Step 2: Run evaluation (Terminal 2)

conda activate libero_test
cd /home/jz97/VLM_REPO/groot_test/QuantVLA_GR00T
./run_libero_eval.sh libero_10 --headless

Results are saved to:

  • Log: /tmp/logs/libero_eval_<task>.log
  • Videos: ./rollouts/<date>/

Running Quantized Inference (DuQuant W4A8 + ATM + OHB)

conda activate groot_test
cd /home/jz97/VLM_REPO/groot_test/QuantVLA_GR00T
./run_quantvla.sh libero_10

This script:

  1. Performs a dry-run to show which layers will be quantized
  2. Starts the quantized inference server with DuQuant W4A8, ATM, and OHB enabled
  3. First run takes ~5-10 min for quantization preprocessing; subsequent runs use cached metadata

Key Environment Variables (Quantization)

Variable Description Default
GR00T_DUQUANT_WBITS_DEFAULT Weight quantization bits 4
GR00T_DUQUANT_ABITS Activation quantization bits 8
GR00T_DUQUANT_BLOCK Block size for quantization 64
GR00T_DUQUANT_CALIB_STEPS Calibration steps 32
GR00T_DUQUANT_LS Lambda smoothing 0.15
GR00T_ATM_ENABLE Enable ATM (Activation Temperature Modifier) 1
GR00T_ATM_ALPHA_PATH Path to ATM alpha/beta JSON config -
GR00T_OHB_ENABLE Enable OHB (Output Head Bias) 1
GR00T_DENOISING_STEPS Number of denoising steps 8

Package Version Summary

groot_test

Package Version
Python 3.10
PyTorch 2.5.1+cu124
Transformers 4.51.3
Diffusers 0.30.2
Flash-attn 2.7.1.post4
Timm 1.0.14
Accelerate 1.2.1
Peft 0.17.0
NumPy 1.26.4

libero_test

Package Version
Python 3.10
PyTorch 2.10.0+cu128
LIBERO 0.1.0 (editable)
Robosuite 1.4.0
MuJoCo 3.3.7
NumPy 1.26.4

Troubleshooting

flash-attn build fails with "Invalid cross-device link"

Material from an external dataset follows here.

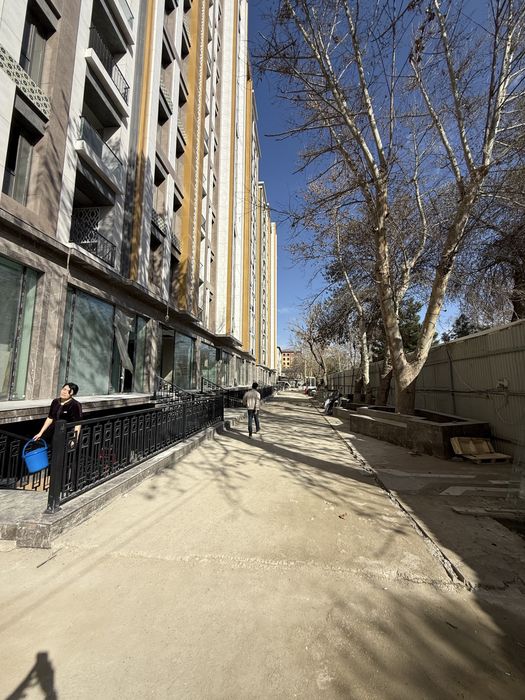 Гагарин Авину 54,5 квадрат Навастройка сотилади 1 этаж каропка холатда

Add --no-cache-dir to the pip install command.

LIBERO torch.load error with PyTorch >= 2.6

Apply the weights_only=False patch as described in Step 5 of libero_test setup.

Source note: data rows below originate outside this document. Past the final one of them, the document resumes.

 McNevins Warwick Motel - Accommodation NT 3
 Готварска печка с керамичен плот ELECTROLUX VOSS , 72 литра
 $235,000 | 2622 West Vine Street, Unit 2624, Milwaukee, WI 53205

ModuleNotFoundError: No module named 'future'

Install the future package: pip install future

EGL errors during LIBERO evaluation

These are cleanup warnings from robosuite's rendering context and do not affect functionality. Safe to ignore.

TensorFlow warnings

TensorFlow registration warnings (cuDNN, cuFFT, cuBLAS factories) are harmless. TF is only used for TensorBoard logging.